Zu der als Beitrag zur Ausstellung „Görlitzer Art 2021/2022“ an der Südseite der Frauenkirche angebrachten Arbeit „Das Fenster“ sagt die Künstlerin Susanne Hopmann: „Das Foto des Görlitzer Fotografen Volker Bachschneider zeigt Plakate im Verfall, als gehörten sie schon zur Zeit der Aufnahme (1994) einer fernen Vergangenheit an. Durch das Objekt ‚Das Fenster‘ treten sie in die Gegenwart. Der ambivalente Einsatz der Slogans ist kritisch zu betrachten. Das Zitat von Willy Brandt (1969) ‚Wir wollen mehr Demokratie wagen‘ steht am Anfang einer Rezeptionsgeschichte, die hier in einem historischen Ausschnitt sichtbar wird und sich gegenwärtig fortsetzt. Manchmal wird systematisch vorgegangen: den Demokratiebegriff nutzen um die Demokratie anzugreifen.“

Das verfallene Haus war ein Zeugnis der verfehlten Bau- und Wohnungspolitik in der ehemaligen DDR. Mit den von der SED (Sozialistische Einheitspartei Deutschlands) staatlich verordneten billigen Mieten konnten weder der Unterhalt noch die Modernisierung der Bausubstanz sichergestellt werden. Das bittere Bonmot „Ruinen schaffen ohne Waffen“ machte daher im Volksmund die Runde.

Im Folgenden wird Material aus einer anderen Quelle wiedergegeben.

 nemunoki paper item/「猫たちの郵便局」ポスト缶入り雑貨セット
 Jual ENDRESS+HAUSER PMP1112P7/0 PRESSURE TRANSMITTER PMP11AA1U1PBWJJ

Losgelöst vom historischen Görlitzer Ortsbezug reflektiert „Das Fenster“ Grundfragen der Demokratie und des gesellschaftlichen Miteinanders. Der Zustand der Plakate spricht für Vernachlässigung. Zwar sind die Worte „Mehr Demokratie wagen“ noch lesbar, die zahlreichen Beschädigungen sprechen aber für einen Interessensverlust. So kann „Das Fenster“ als eine Metapher für die Zerbrechlichkeit von Demokratie allgemein verstanden werden. Wenn Demokratie nicht immer wieder neu ausgehandelt wird, wenn nicht immer wieder um sie und für sie gestritten wird, gerät sie zur Routine, droht sich abzunutzen und schließlich in Frage gestellt zu werden.

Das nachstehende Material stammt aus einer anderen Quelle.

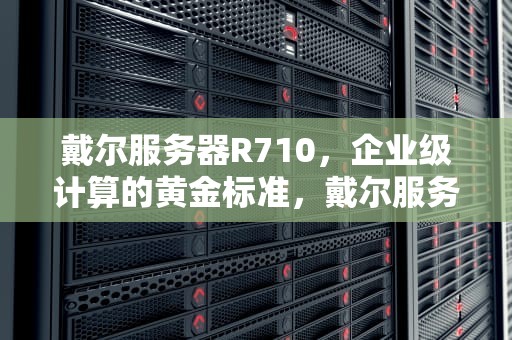 戴尔服务器R710，企业级计算的黄金标准，戴尔服务器R710进入u盘启动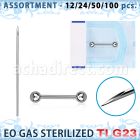 uset13 piercing kit titanium g23 nipple barbell needles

Als Zeitzeuge erinnert sich Pfarrer i. R. Albrecht Naumann an die Situation in Görlitz:

Die Lösung der SED war der Abriss alter Gebäude und ihr Ersatz durch Betonplatten-Neubauten. An der Heiligen-Grab-Straße ist der Prozess noch heute anschaulich manifestiert. Im Herbst 1989 war schon die untere Heilig-Grab-Straße entwohnt und zur Abrisssprengung vorbereitet. Beim Fortbestand der DDR über 1990 hinaus, sähe jetzt alles aus wie oberhalb der Hohen Straße. Die heute denkmalgerechte Sanierung der Görlitzer Altstadt 1 – Langenstraße Herbst 1989, Foto: Werner Hahn/Kulturhistorisches Museum Görlitz 2 – Schönhof Herbst 1989, Foto: Werner Hahn/Kulturhistorisches Museum Görlitz ist dem Ende der SED Wohnungspolitik zu verdanken. Dass ausgerechnet Plakate der PDS, der direkten Nachfolgepartei der SED in dieser morbiden Umgebung nach Jahren als Zeugnis für den Wunsch nach demokratischem Aufbruch gelesen werden, entbehrt nicht einer boshaften und geschichtsvergessenden Ironie.“

Erläuterungen zur den beiden PDS Plakaten des Kunstwerks:

  1. Mehr Demokratie wagen

Mit dem Satz „Wir wollen mehr Demokratie wagen“ umriss Bundeskanzler Willy Brandt 1969 in einer Rede vor dem Bundestag sein Regierungsprogramm. Der SPD-Politiker stand für eine freiheitliche Demokratie, deren Ausprägung er maßgeblich mitgestaltete. Für ihren Wahlkampf 1990 vereinnahmte die PDS das Zitat und stellte sich damit formal in die Tradition sozialdemokratischer Politik in der alten Bundesrepublik. Nur wenige Monate zuvor hatte die SED noch die Auffassung vertreten, dass nur die „Diktatur des Proletariats“ die einzige vollentwickelte und wahre Demokratie sei. Von ihrem Absolutheitsanspruch machte die SED in jedem gesellschaftlichen Bereich Gebrauch und ordnete ihm alles unter. Die Verwendung des Brandt-Zitats durch die PDS kann daher als eine bewusste Geschichtsklitterung und gezielte Wählertäuschung verstanden werden.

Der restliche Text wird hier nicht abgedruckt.